In 2021, five construction workers were injured by falling iron rods at the site. The MMRDA said that 65% of the work had been completed in November 2022, and 70% in December 2022 including 64% of work on stations. Construction of the 550 metre viaduct over Kasheli Creek was completed on 22 January 2023, taking a total of 123 days. In the same month, Afcons stated that it completed 9.3 km of viaducts. The MMRDA stated that 79% of civil work on the first phase had been completed on 6 June 2023.

==Stations==
The Orange Line has a total of 34 stations. 33 are elevated, while the station in Bhiwandi is underground.
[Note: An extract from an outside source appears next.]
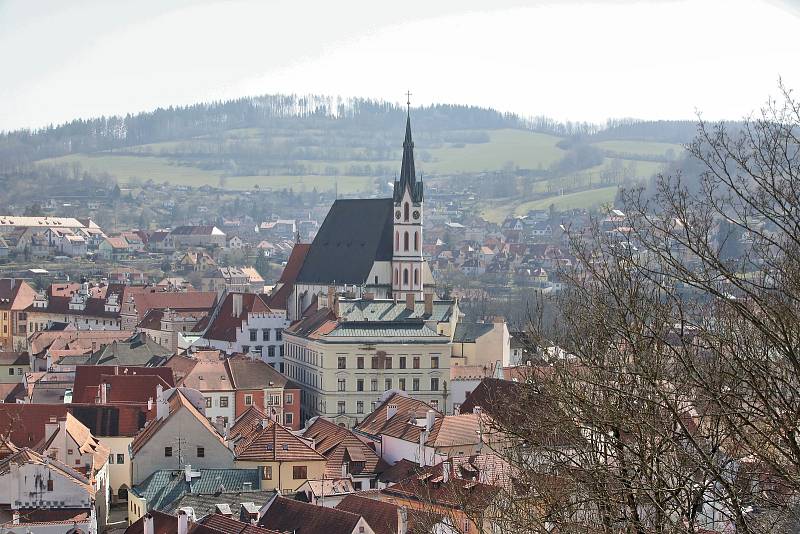 Celosvětová empidemie koronaviru vylidnila i centrum Českého Krumlova, které je běžně zaplaveno turisty.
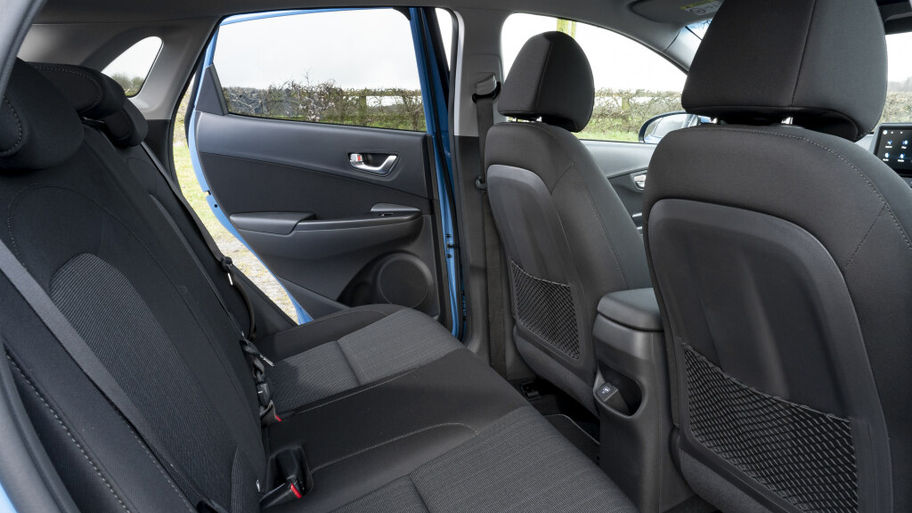 hyundai_kona_hybrid_741.jpg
Of the 34 stations, 26 are under construction and six are under various stages of tendering.

Orange Line 5
| # | Station name |  | Status | Connections | Layout |
| English | Marathi |
| 1 | Kapurbawdi | कापूरबावडी | Under construction | Line 4 (under construction - December 2026) | Elevated |
| 2 | Balkum Naka | बाळकुम नाका | Under construction -December 2026 | Balkum Naka (under construction - December 2026) | Elevated |
| 3 | Kasheli | कशेळी | Under construction- December 2026 | None | Elevated |
| 4 | Kalher | काल्हेर | Under construction - December 2026 | None | Elevated |
| 5 | Purna | पूर्णा | Under construction -December 2026 | None | Elevated |
| 6 | Anjur Phata | अंजूर फाटा | Under construction - December 2026 | Vasai Road–Roha | Elevated |
| 7 | Dhamankar Naka | धामणकर नाका | Under construction - December 2026 | None | Elevated |
| 8 | Bhiwandi | भिवंडी | Approved | None | Elevated |
| 9 | Gopal Nagar | गोपाळ नगर | Approved | None | Elevated |
| 10 | Temghar | टेमघर | Approved | None | Elevated |
| 11 | Rajnouli Village | रांजणोली गाव | Approved | None | Elevated |
| 12 | Govegaon MIDC | गोवेगाव एमआयडीसी | Approved | None | Elevated |
| 13 | Kongaon | कोनगाव | Approved | None | Elevated |
| 14 | Durgadi Fort | दुर्गाडी किल्ला | Approved | None | Elevated |
| 15 | Sahajanand Chowk | सहजानंद चौक | Approved | None | Elevated |
| 16 | Kalyan Railway Station | कल्याण रेल्वे स्थानक | Under construction | Central and Indian Railways | Elevated |
| 17 | Kalyan APMC | कल्याण एपीएमसी | Under construction | None | Elevated |
| 18 | Ganesh Nagar (Kalyan) | गणेश नगर (कल्याण) | Under construction | None | Elevated |
| 19 | Pisavali Gaon | पिसवली गाव | Under construction | None | Elevated |
| 20 | Golavali | गोळवली | Under construction | None | Elevated |
| 21 | Dombivali MIDC | डोंबिवली एमआयडीसी | Under construction | None | Elevated |
| 22 | Sagaon | सागाव | Under construction | None | Elevated |
| 23 | Sonarpada | सोनारपाडा | Under construction | None | Elevated |
| 24 | Manpada (Dombivali East) | मानपाडा (डोंबिवली पूर्व) | Under construction | None | Elevated |
| 25 | Hedutane | हेदुटणे | Under construction | None | Elevated |
| 26 | Kolegaon | कोळेगाव | Under construction | None | Elevated |
| 27 | Nilaje Gaon | निळजे गाव | Under construction | None | Elevated |
| 28 | Vadavali | वडवली | Under construction | None | Elevated |
| 29 | Bale | बाळे | Under construction | None | Elevated |
| 30 | Waklan | वाकळण | Under construction | None | Elevated |
| 31 | Turbhe | तुर्भे | Under construction | None | Elevated |
| 32 | Pisarve Depot | पिसार्वे आगार | Under construction | None | Elevated |
| 33 | Pisarve | पिसार्वे | Under construction | None | Elevated |
| 34 | Amandoot | अमनदूत | Under construction | Amandoot | Elevated |

== Cost ==
Line 5 is estimated to cost ₹8416 crore. The cost was primarily borne by the MMRDA. The Asian Infrastructure Investment Bank and the OPEC Fund for International Development provided a total loan of ₹2357.25 crore for the project.